» **Problem**:
Every record below should be printed exactly, except for the pictures.

======== Material for this task ========

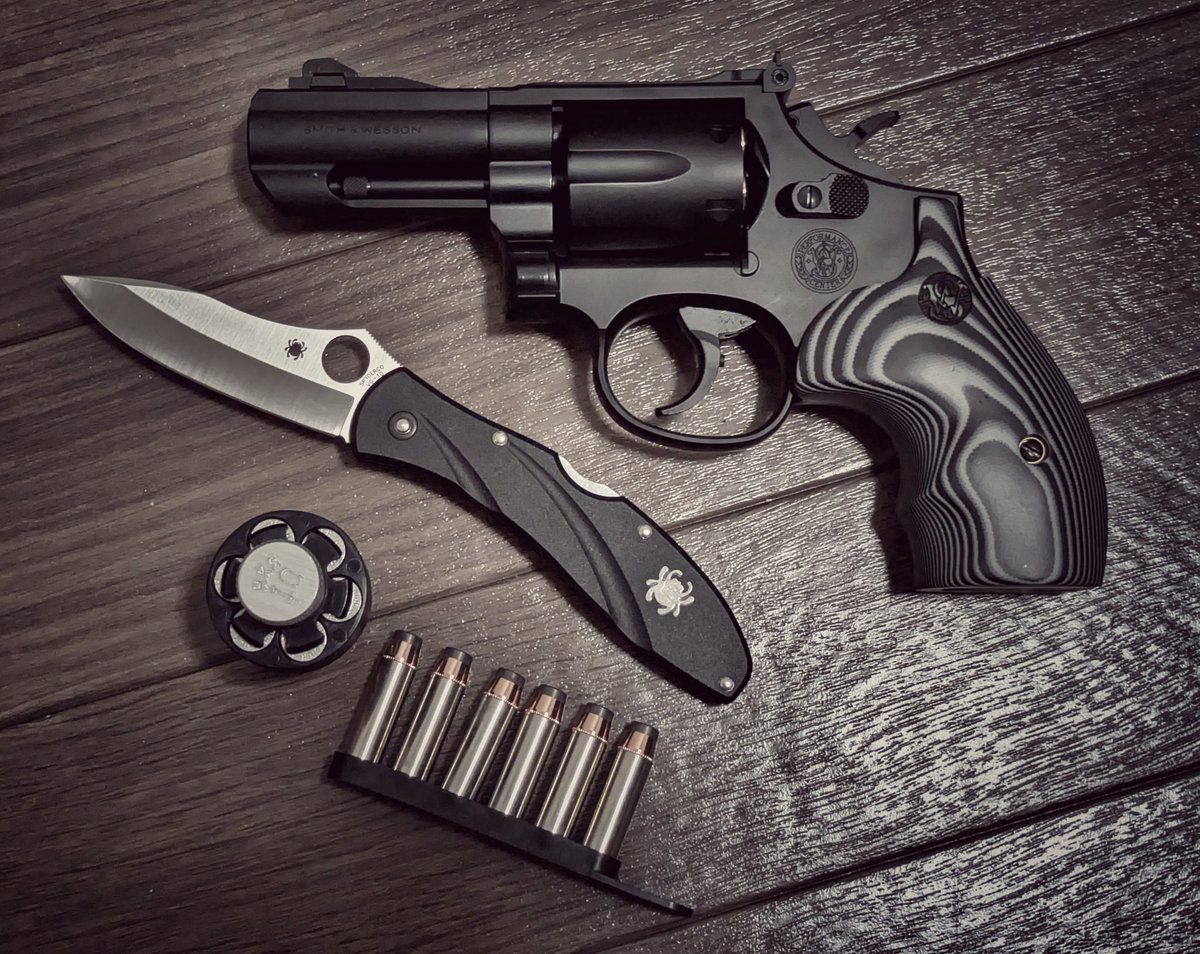 krjnjn's tweet image. #everydaycarry
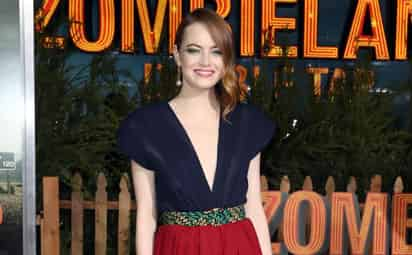 Emma Stone y su pareja Dave McCary dieron la bienvenida a su primer hijo. (ARCHIVO)  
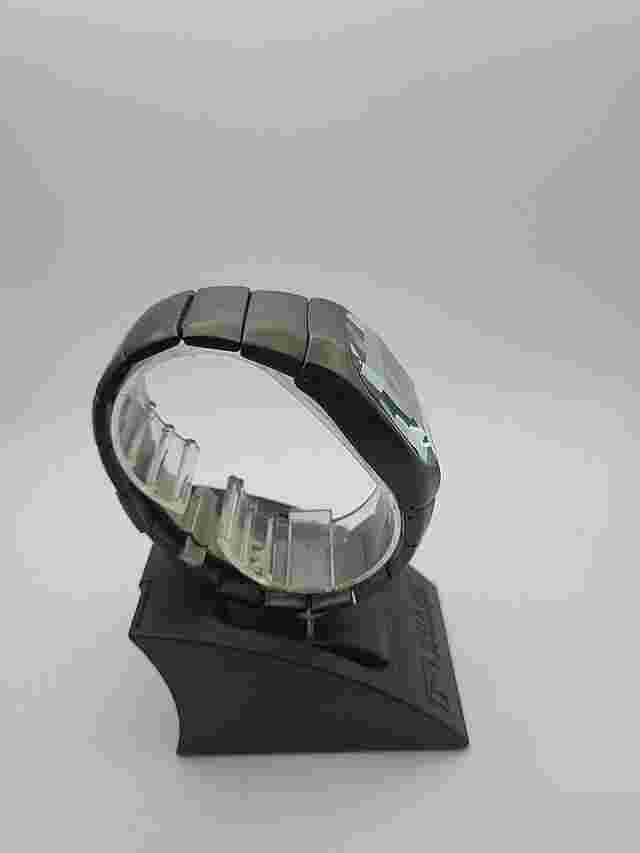 Quicksilver Cuba 10 ATM Mens Bracelet Watch With New Battery 7.5" Wrist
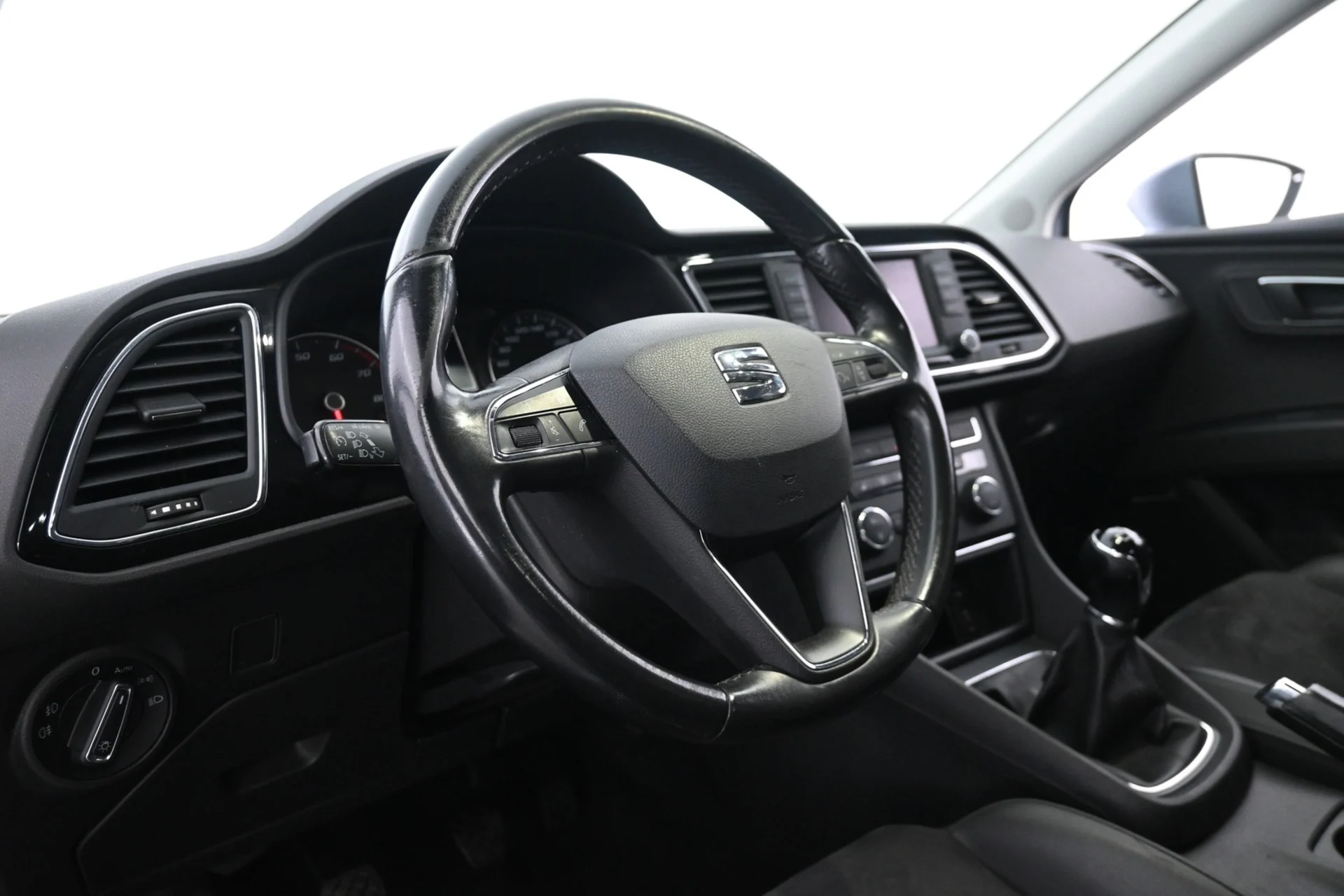 Car Image - 6jxEgd18J8xSDHsDkRssBr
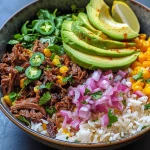 Saftiger Beef Barbacoa Bowl mit Reis, Avocado und Garnituren.
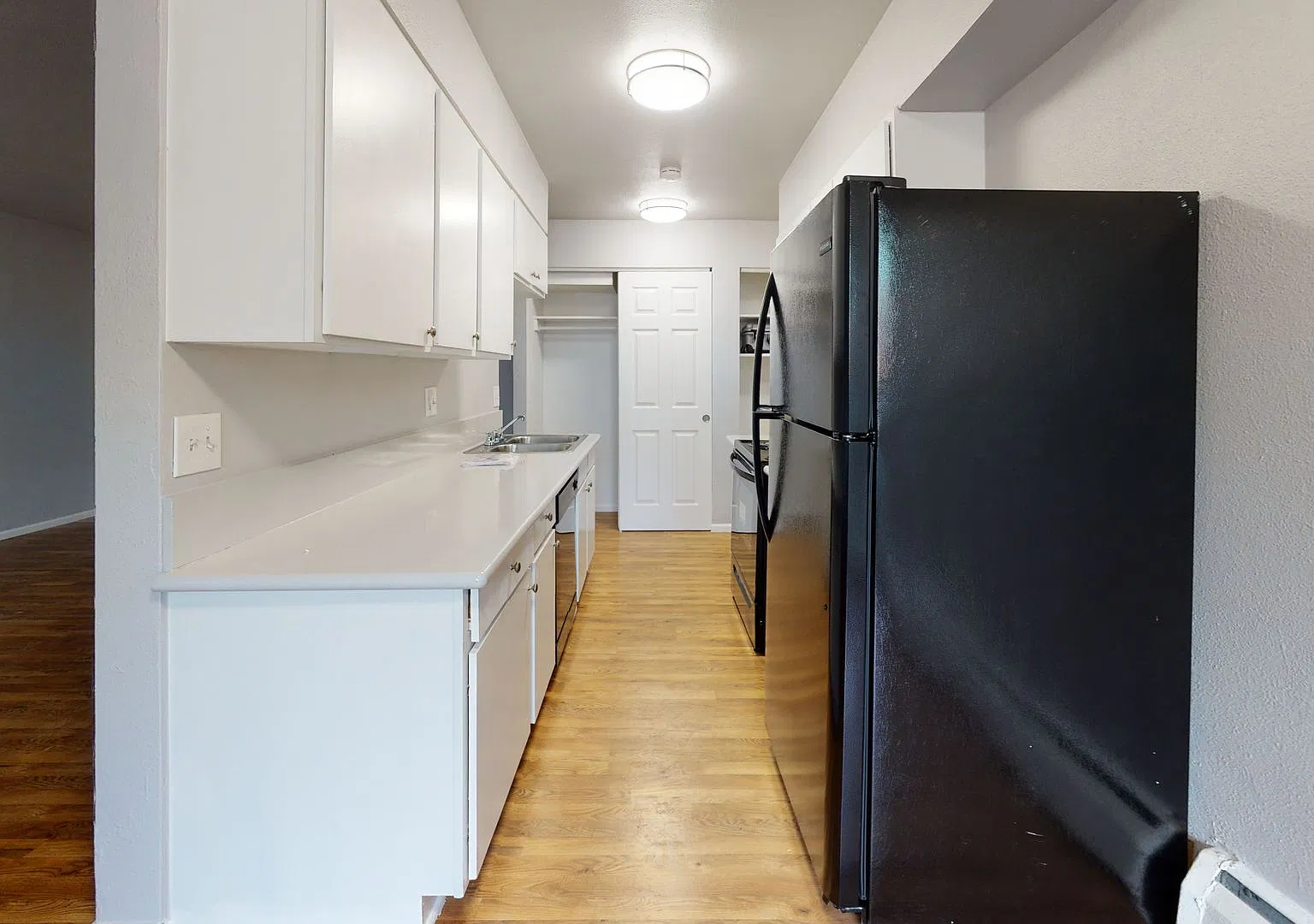Newark Apartments — Photo 4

========

» **Exercise output**:
 krjnjn's tweet image. #everydaycarry
 Emma Stone y su pareja Dave McCary dieron la bienvenida a su primer hijo. (ARCHIVO)  
 Quicksilver Cuba 10 ATM Mens Bracelet Watch With New Battery 7.5" Wrist
 Car Image - 6jxEgd18J8xSDHsDkRssBr
 Saftiger Beef Barbacoa Bowl mit Reis, Avocado und Garnituren.
Newark Apartments — Photo 4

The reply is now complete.